Restaurants live or die on consistency, and consistency dies fast when new hires learn the job by watching whoever happens to be on the line that day. El Patrón built out training in teamsly for the basics every new employee needs: food safety, allergen handling, salsa and prep recipes, plating standards, opening and closing routines, POS basics for servers, and the cantina's house cocktails.
Each lesson ends in a short quiz, and managers can see who passed, who's pending, and who needs a re-do — without chasing anyone down. New hires get the same standard every time, in the language they read best.
Before, training was whoever showed the new person around that day. Now everybody starts with the same lessons and the same quizzes, and I can actually see who's ready for the floor.
Bilingual isn't a setting — it's the whole point.
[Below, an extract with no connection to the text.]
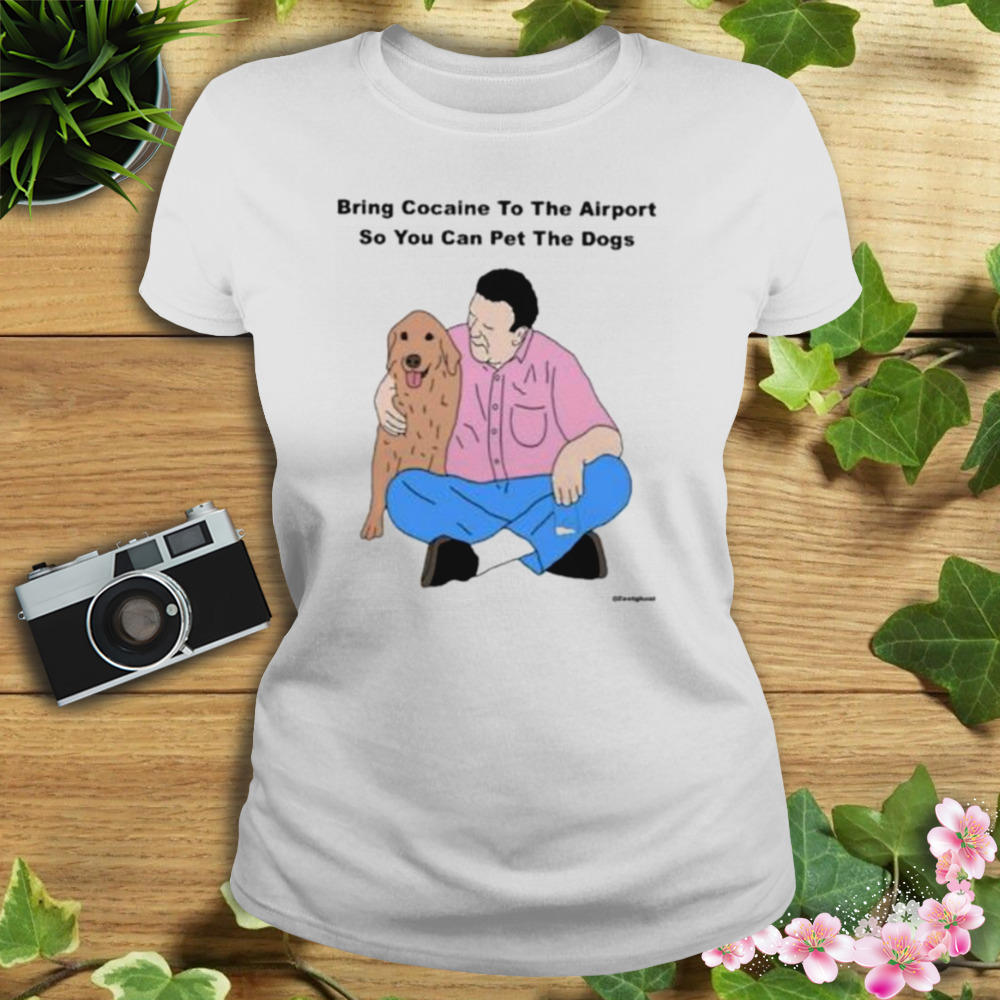 Bring Cocaine To The Airport So You Can Pet The Dogs Shirt 2 Women's shirt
A lot of restaurant software treats Spanish as an afterthought — the schedule's in English, the tasks are in English, and the back of house figures it out. El Patrón needed the opposite. The line cooks, prep, and dish team mostly read in Spanish. The servers, bar, and management mostly read in English. Everybody had to be able to open the same app and understand exactly what they were looking at.
In teamsly, every employee picks their language, and from then on their schedule, their tasks, their training, and their notifications all show up in it. No translating side-work lists by hand. No translating a manager's note into Spanish before posting it. The app does it.
The results.
- One schedule for all 40 employees across the line, prep, dish, servers, bar, host, and managers.
- Time clock punches tied to shifts, so payroll week closes without reconstructing who was actually here.
- Open, side-work, and close checklists off paper and into the task manager — with photo proof when it matters.
- Training and quizzes built once, run for every new hire, in the language they read best.
- Bilingual by default — every employee opens the same app and sees the same thing, in English or Spanish.
- Group-text chaos replaced by swap requests, open shifts, and announcements that go to the right people.
What's next for El Patrón.
With the back of house running clean on schedules, time, and tasks, the team is leaning into the standards side — deeper training tracks for line cooks and bartenders, sharper opening and closing audits, and tighter labor visibility heading into the next busy season. The goal is the same one that's always been there: keep the food great, keep the crew happy, and make running the restaurant a little less chaotic every month.